## BRONZE TO SILVER LAYER

### GOLD LAYER - PROCESS DIVIDEND HISTORY


### Description

The notebook is designed to process stock dividend data by merging it with holding data, calculating dividend amounts, and saving the result to a CSV file. The function follows these steps:


In [None]:
# Importing Common Utility Function
import pandas as pd

from StockETL.globalpath import GlobalPath

In [None]:
# Import necessary libraries and utility functions
%run ../COMMON/common_utility.ipynb

In [None]:
# Instantiate GlobalPath
holding_gold_file_path = GlobalPath("DATA/GOLD/Holding/Holding_data.csv")
stockevents_silver_file_path = GlobalPath(
    "DATA/SILVER/StockEvents/StockEvents_data.csv"
)
dividend_gold_file_path = GlobalPath("DATA/GOLD/Dividend/Dividend_data.csv")
dividend_gold_schema_file_path = GlobalPath(
    "DATA/CONFIG/DATA_CONTRACTS/GOLD/Dividend.json"
)

In [None]:
# Load holding data from the GOLD layer
df_holding = pd.read_csv(holding_gold_file_path)
df_holding.info()
df_holding["date"] = pd.to_datetime(df_holding["date"])
print(f"Loaded GOLD Layer holding data from => {holding_gold_file_path}")

In [None]:
# Load dividend data from the SILVER layer
df_dividends = pd.read_csv(stockevents_silver_file_path)
df_dividends["date"] = pd.to_datetime(df_dividends["date"])
print(f"Loaded SILVER Layer stock dividend data from => {stockevents_silver_file_path}")

In [None]:
def get_financial_year(date: pd.Timestamp) -> str:
    """
    Calculate the financial year for a given date.

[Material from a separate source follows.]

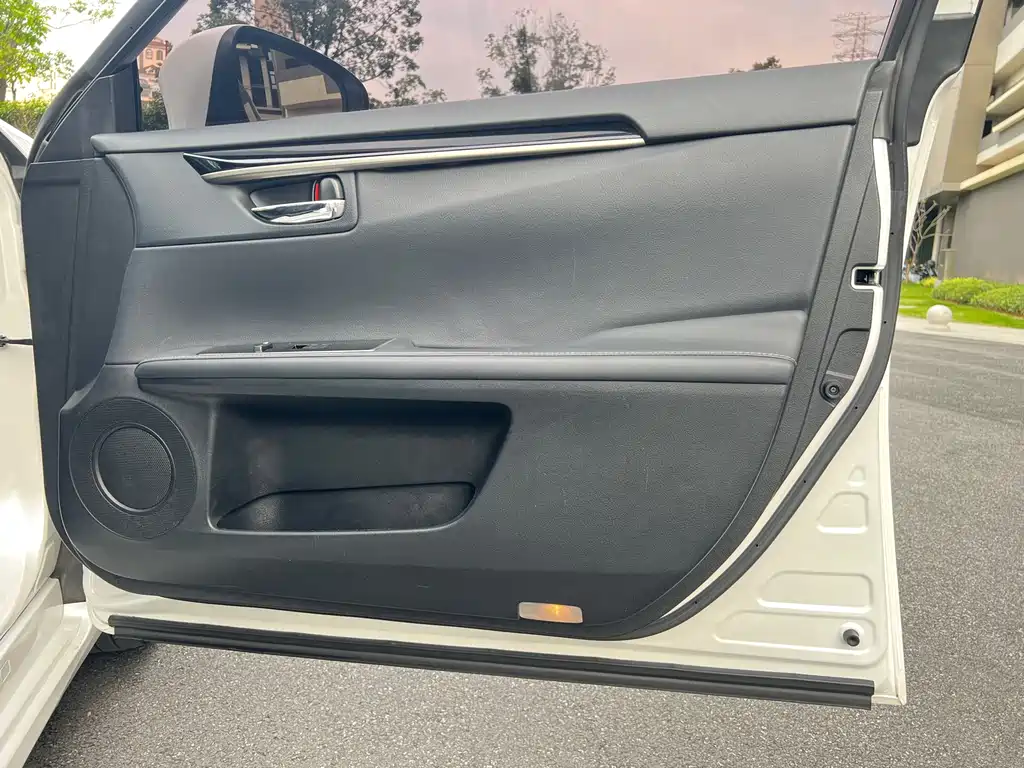Lexus ES 2015 300h Comfort Edition купить на сайте DeffCars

    If the month of the provided date is before April (i.e., January, February, or March),
    the date is considered to be part of the previous financial year. Otherwise, it belongs
    to the current financial year.

    Args:
    - date (Union[datetime, date]): The date for which to calculate the financial year.

    Returns:
    - str: The financial year in the format 'FYYYYY-YY'.
    """
    # Determine the start and end years of the financial year
    start_year = date.year - 1 if date.month < 4 else date.year
    end_year = start_year + 1

    # Format the financial year as 'FYYYYY-YY'
    return f"FY{start_year}-{str(end_year)[-2:]}"

In [None]:
# Filter for dividend events only
df_dividends = df_dividends[df_dividends["event"].str.upper() == "DIVIDENDS"]

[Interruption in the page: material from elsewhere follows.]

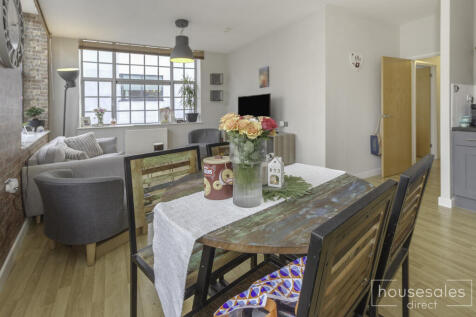 Kitchen Dining Living Area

# Merge dividend data with holding data
df_dividend = pd.merge(df_holding, df_dividends, on=["date", "symbol"], how="left")

# Calculate the dividend amount
df_dividend["dividend_amount"] = (
    df_dividend["value"].fillna(0) * df_dividend["holding_quantity"]
)

# Filter out rows where dividend amount is 0
df_dividend = df_dividend[df_dividend["dividend_amount"] != 0]

# Apply the function to create the 'financial_year' column
df_dividend["financial_year"] = pd.to_datetime(df_dividend["date"]).apply(
    get_financial_year
)

In [None]:
# Align Datafame with DataContract
df_dividend = align_with_datacontract(df_dividend, dividend_gold_schema_file_path)

# Save the result to a new CSV file
df_dividend.to_csv(dividend_gold_file_path, index=False)
print(
    f"GOLD Layer CSV file for Holding successfully created at: {dividend_gold_file_path}"
)

# Display DataFrame debugrmation
df_dividend.info()